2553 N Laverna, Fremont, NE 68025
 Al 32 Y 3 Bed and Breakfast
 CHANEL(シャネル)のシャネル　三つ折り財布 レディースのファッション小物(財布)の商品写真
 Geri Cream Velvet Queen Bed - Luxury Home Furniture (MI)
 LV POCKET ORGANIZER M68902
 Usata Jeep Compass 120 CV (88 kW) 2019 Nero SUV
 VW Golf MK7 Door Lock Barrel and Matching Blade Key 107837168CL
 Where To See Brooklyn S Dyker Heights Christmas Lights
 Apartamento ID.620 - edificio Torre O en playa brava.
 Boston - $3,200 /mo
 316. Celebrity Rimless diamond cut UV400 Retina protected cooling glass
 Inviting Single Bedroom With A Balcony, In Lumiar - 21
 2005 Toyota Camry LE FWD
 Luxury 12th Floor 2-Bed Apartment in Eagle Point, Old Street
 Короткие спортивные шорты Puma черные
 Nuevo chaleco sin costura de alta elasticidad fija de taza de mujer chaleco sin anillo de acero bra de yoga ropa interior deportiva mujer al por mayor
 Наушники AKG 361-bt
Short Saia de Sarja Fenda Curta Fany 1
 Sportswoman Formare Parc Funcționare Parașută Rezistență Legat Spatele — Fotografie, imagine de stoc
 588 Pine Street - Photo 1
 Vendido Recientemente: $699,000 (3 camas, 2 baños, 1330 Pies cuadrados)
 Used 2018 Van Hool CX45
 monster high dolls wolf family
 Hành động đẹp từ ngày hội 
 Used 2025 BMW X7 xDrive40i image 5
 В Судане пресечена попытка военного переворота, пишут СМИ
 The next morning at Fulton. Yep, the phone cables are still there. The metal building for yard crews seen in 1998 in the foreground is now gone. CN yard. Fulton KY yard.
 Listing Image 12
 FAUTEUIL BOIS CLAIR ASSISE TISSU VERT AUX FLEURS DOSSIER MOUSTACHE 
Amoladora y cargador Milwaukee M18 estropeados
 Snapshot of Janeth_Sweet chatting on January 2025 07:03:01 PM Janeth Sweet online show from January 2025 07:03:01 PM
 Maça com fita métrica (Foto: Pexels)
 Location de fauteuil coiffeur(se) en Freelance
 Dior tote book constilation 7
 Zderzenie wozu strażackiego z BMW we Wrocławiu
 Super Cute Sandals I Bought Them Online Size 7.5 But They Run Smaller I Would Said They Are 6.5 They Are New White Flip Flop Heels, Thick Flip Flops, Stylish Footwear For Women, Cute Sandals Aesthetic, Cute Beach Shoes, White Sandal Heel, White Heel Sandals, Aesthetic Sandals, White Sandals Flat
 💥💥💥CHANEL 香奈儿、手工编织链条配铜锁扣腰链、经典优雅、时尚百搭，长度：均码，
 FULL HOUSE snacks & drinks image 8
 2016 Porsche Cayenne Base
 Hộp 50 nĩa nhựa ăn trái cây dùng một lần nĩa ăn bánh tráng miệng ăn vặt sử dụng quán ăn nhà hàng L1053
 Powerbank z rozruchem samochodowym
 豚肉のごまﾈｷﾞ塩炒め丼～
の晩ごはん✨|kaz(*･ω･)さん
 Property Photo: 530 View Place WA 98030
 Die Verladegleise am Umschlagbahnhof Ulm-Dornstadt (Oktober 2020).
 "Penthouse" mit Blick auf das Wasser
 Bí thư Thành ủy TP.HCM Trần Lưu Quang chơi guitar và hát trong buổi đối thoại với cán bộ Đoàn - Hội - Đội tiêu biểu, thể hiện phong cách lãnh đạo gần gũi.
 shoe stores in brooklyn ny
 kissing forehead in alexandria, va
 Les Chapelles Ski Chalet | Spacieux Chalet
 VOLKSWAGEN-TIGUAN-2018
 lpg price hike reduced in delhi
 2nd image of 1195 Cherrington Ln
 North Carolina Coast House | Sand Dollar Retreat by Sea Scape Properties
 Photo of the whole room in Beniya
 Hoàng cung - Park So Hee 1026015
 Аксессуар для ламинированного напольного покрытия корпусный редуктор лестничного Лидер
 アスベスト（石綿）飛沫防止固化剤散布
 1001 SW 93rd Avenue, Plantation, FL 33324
·····
Required action
Set down, exactly as they stand above, the lines starting with the line with "316. Celebrity Rimless" and going on through the line with "588 Pine Street - Photo 1", and no others.

Completed exercise
 316. Celebrity Rimless diamond cut UV400 Retina protected cooling glass
 Inviting Single Bedroom With A Balcony, In Lumiar - 21
 2005 Toyota Camry LE FWD
 Luxury 12th Floor 2-Bed Apartment in Eagle Point, Old Street
 Короткие спортивные шорты Puma черные
 Nuevo chaleco sin costura de alta elasticidad fija de taza de mujer chaleco sin anillo de acero bra de yoga ropa interior deportiva mujer al por mayor
 Наушники AKG 361-bt
Short Saia de Sarja Fenda Curta Fany 1
 Sportswoman Formare Parc Funcționare Parașută Rezistență Legat Spatele — Fotografie, imagine de stoc
 588 Pine Street - Photo 1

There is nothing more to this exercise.